> [The input]:

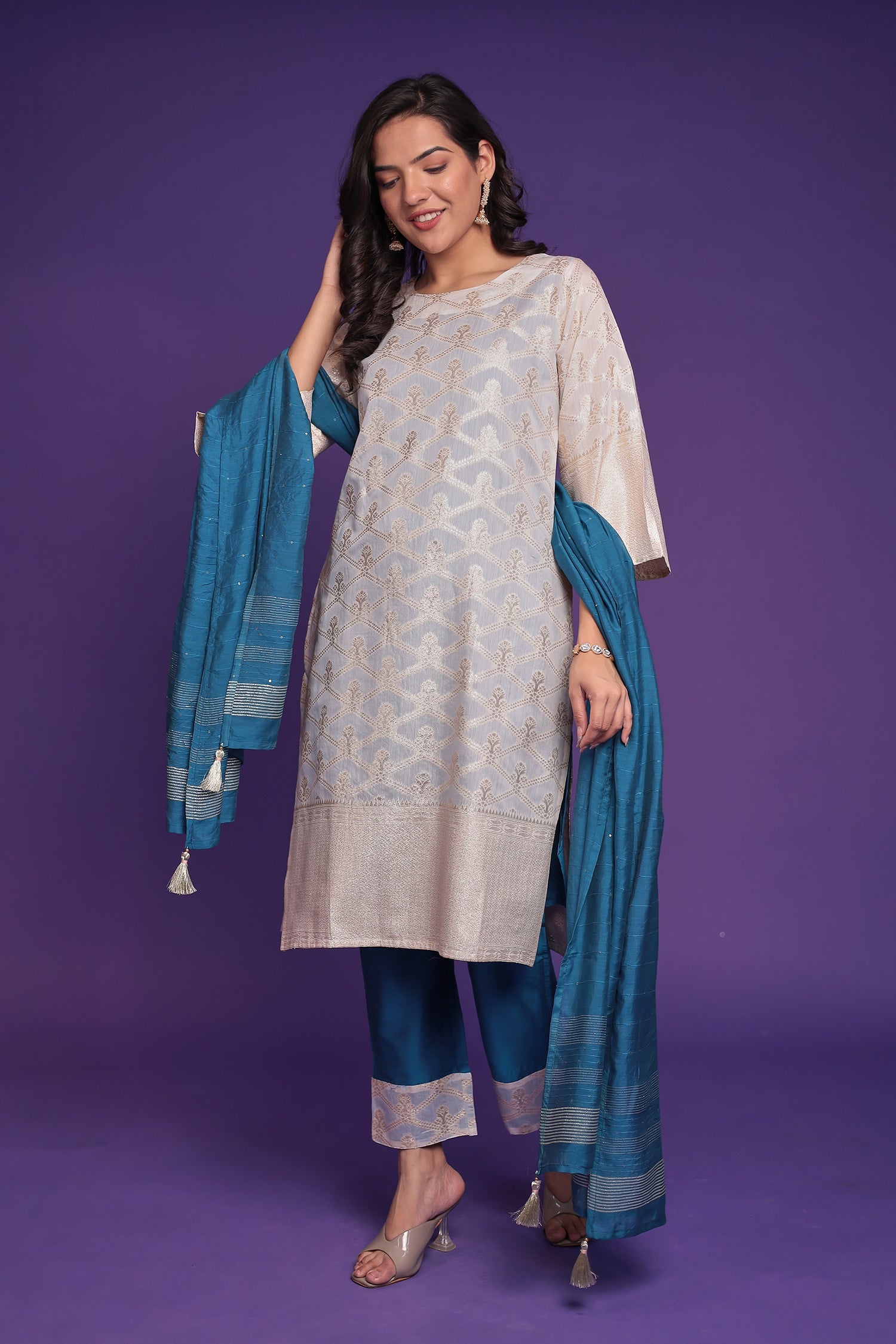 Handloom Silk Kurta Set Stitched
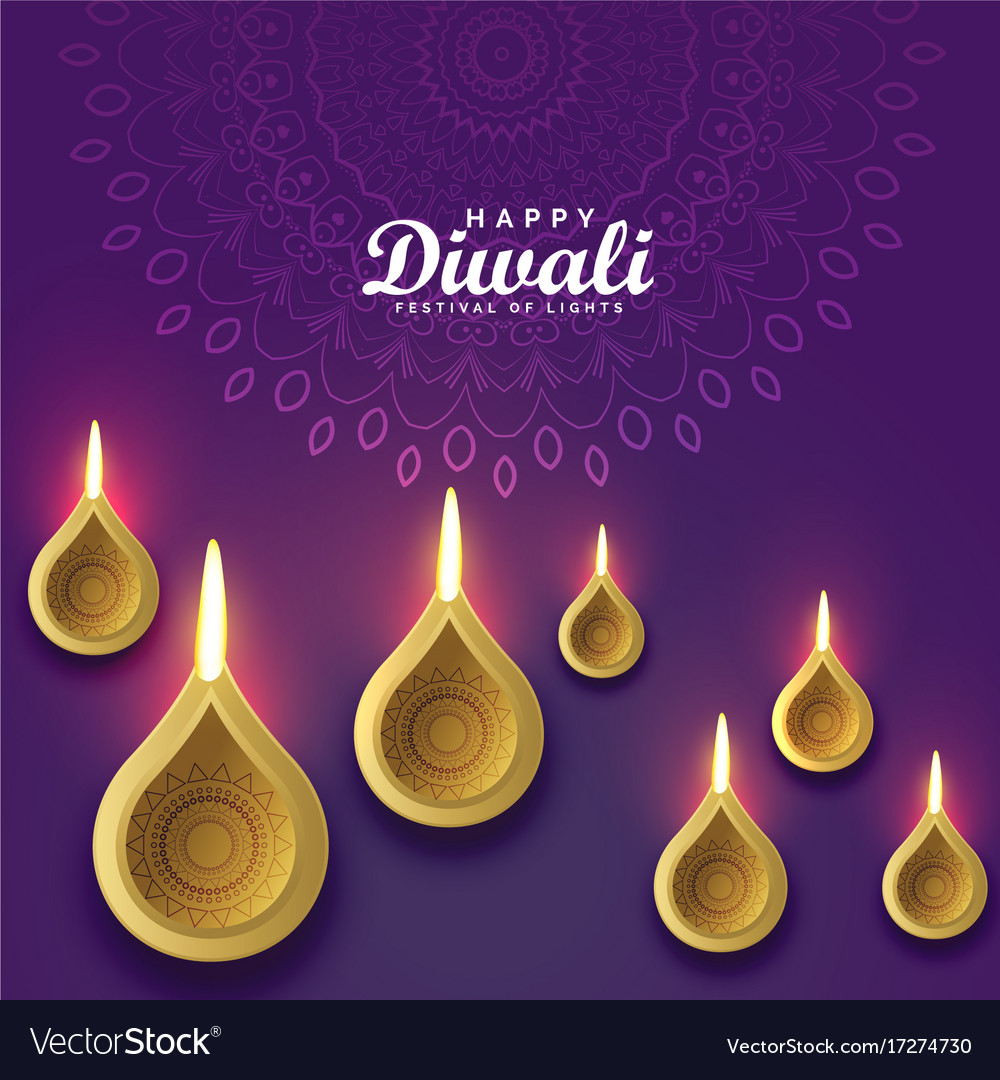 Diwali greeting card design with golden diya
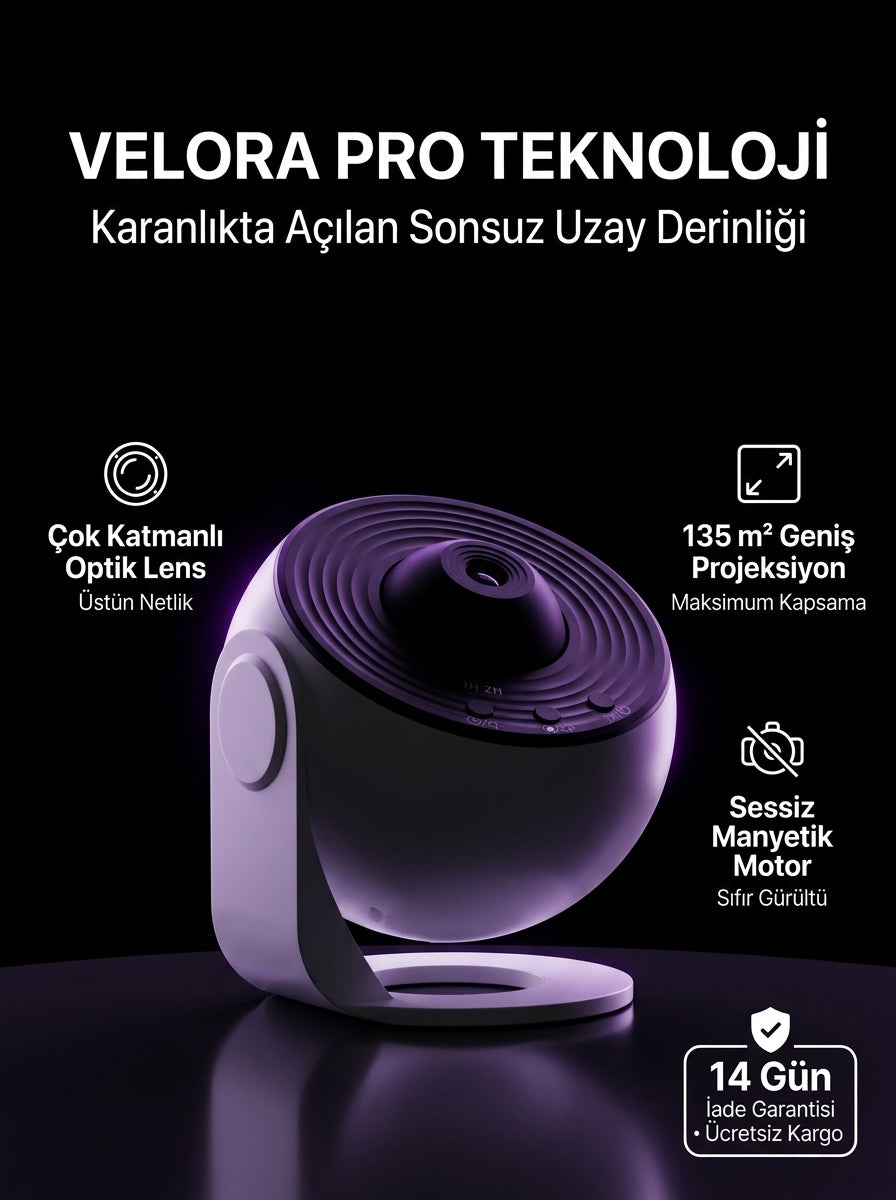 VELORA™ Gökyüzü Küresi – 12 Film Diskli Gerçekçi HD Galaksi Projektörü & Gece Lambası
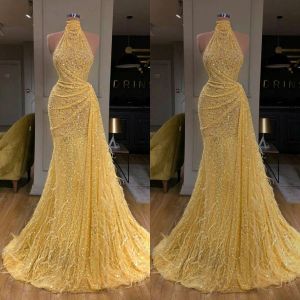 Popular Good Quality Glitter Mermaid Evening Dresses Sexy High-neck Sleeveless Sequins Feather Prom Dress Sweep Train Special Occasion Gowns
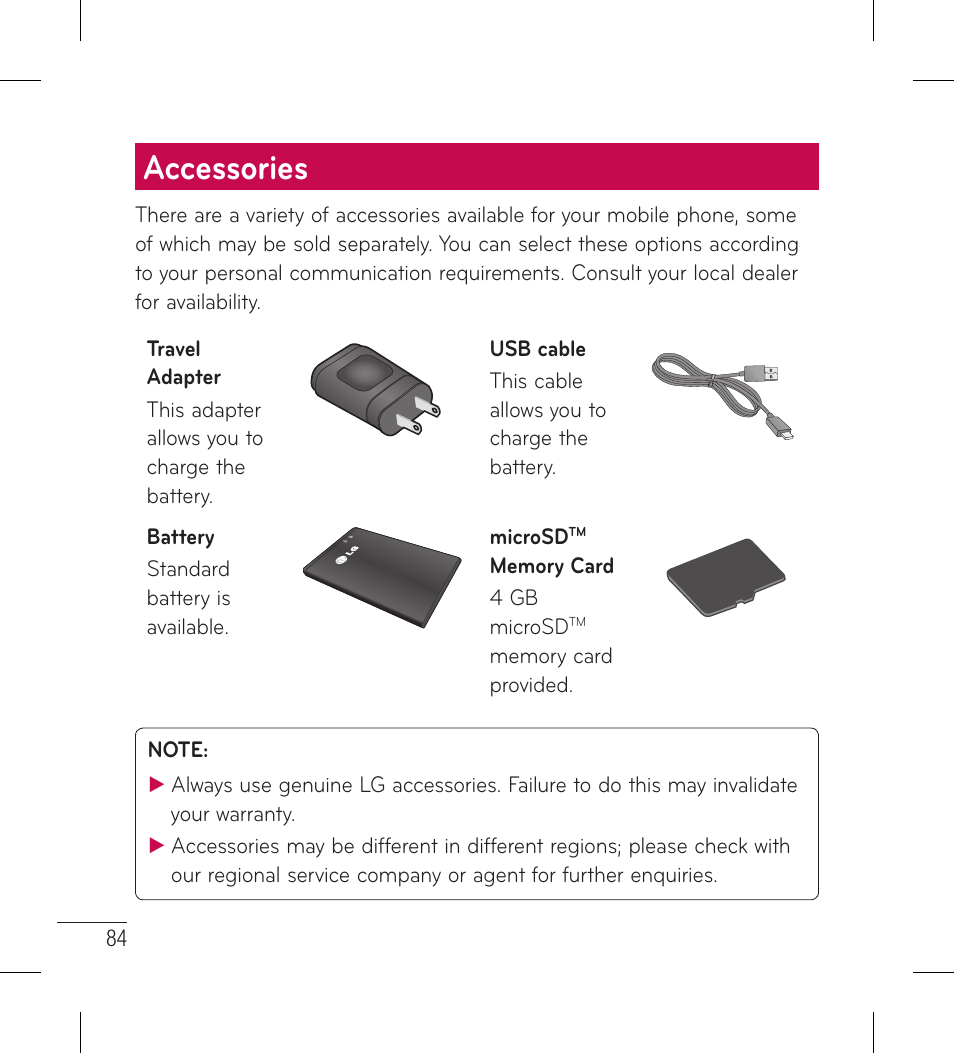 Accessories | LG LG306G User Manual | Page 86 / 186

> [What needs to be done]: Set down again, word for word, every line from the one with "Diwali greeting card design with golden diya" to the one with "Popular Good Quality" in the entries above, and omit the pictures.

> [Answer area]:
 Diwali greeting card design with golden diya
 VELORA™ Gökyüzü Küresi – 12 Film Diskli Gerçekçi HD Galaksi Projektörü & Gece Lambası
 Popular Good Quality Glitter Mermaid Evening Dresses Sexy High-neck Sleeveless Sequins Feather Prom Dress Sweep Train Special Occasion Gowns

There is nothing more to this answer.